Material for this exercise:
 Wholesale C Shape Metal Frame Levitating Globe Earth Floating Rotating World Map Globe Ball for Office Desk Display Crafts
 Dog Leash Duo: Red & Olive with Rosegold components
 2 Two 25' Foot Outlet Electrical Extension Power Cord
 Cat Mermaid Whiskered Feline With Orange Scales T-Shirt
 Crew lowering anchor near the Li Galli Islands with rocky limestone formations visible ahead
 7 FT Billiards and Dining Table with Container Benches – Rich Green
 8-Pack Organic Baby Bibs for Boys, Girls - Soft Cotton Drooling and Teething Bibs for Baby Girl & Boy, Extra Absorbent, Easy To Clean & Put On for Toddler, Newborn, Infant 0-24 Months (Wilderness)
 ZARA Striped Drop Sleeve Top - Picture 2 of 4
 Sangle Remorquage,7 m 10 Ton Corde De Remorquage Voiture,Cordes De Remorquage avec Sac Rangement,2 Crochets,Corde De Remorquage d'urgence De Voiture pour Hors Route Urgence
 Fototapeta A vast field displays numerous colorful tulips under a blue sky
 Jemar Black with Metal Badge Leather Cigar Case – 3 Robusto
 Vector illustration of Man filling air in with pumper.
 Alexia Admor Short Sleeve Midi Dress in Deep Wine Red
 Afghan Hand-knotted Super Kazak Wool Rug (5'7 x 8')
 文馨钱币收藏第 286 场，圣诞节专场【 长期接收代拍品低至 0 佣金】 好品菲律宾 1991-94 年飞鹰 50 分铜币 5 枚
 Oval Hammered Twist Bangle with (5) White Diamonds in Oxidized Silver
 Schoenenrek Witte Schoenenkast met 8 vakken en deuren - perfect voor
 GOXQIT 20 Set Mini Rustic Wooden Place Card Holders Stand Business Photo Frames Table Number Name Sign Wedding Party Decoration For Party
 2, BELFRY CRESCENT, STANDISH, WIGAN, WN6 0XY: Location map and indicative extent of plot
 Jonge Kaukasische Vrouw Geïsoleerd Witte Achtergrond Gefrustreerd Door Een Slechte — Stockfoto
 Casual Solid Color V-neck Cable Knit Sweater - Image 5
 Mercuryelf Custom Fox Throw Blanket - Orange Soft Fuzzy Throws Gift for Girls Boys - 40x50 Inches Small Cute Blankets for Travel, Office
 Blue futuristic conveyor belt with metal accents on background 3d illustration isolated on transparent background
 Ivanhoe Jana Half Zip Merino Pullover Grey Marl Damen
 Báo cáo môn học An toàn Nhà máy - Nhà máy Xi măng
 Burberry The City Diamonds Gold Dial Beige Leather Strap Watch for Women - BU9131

Your task:
Return the entries above word for word.

Your solution:
 Wholesale C Shape Metal Frame Levitating Globe Earth Floating Rotating World Map Globe Ball for Office Desk Display Crafts
 Dog Leash Duo: Red & Olive with Rosegold components
 2 Two 25' Foot Outlet Electrical Extension Power Cord
 Cat Mermaid Whiskered Feline With Orange Scales T-Shirt
 Crew lowering anchor near the Li Galli Islands with rocky limestone formations visible ahead
 7 FT Billiards and Dining Table with Container Benches – Rich Green
 8-Pack Organic Baby Bibs for Boys, Girls - Soft Cotton Drooling and Teething Bibs for Baby Girl & Boy, Extra Absorbent, Easy To Clean & Put On for Toddler, Newborn, Infant 0-24 Months (Wilderness)
 ZARA Striped Drop Sleeve Top - Picture 2 of 4
 Sangle Remorquage,7 m 10 Ton Corde De Remorquage Voiture,Cordes De Remorquage avec Sac Rangement,2 Crochets,Corde De Remorquage d'urgence De Voiture pour Hors Route Urgence
 Fototapeta A vast field displays numerous colorful tulips under a blue sky
 Jemar Black with Metal Badge Leather Cigar Case – 3 Robusto
 Vector illustration of Man filling air in with pumper.
 Alexia Admor Short Sleeve Midi Dress in Deep Wine Red
 Afghan Hand-knotted Super Kazak Wool Rug (5'7 x 8')
 文馨钱币收藏第 286 场，圣诞节专场【 长期接收代拍品低至 0 佣金】 好品菲律宾 1991-94 年飞鹰 50 分铜币 5 枚
 Oval Hammered Twist Bangle with (5) White Diamonds in Oxidized Silver
 Schoenenrek Witte Schoenenkast met 8 vakken en deuren - perfect voor
 GOXQIT 20 Set Mini Rustic Wooden Place Card Holders Stand Business Photo Frames Table Number Name Sign Wedding Party Decoration For Party
 2, BELFRY CRESCENT, STANDISH, WIGAN, WN6 0XY: Location map and indicative extent of plot
 Jonge Kaukasische Vrouw Geïsoleerd Witte Achtergrond Gefrustreerd Door Een Slechte — Stockfoto
 Casual Solid Color V-neck Cable Knit Sweater - Image 5
 Mercuryelf Custom Fox Throw Blanket - Orange Soft Fuzzy Throws Gift for Girls Boys - 40x50 Inches Small Cute Blankets for Travel, Office
 Blue futuristic conveyor belt with metal accents on background 3d illustration isolated on transparent background
 Ivanhoe Jana Half Zip Merino Pullover Grey Marl Damen
 Báo cáo môn học An toàn Nhà máy - Nhà máy Xi măng
 Burberry The City Diamonds Gold Dial Beige Leather Strap Watch for Women - BU9131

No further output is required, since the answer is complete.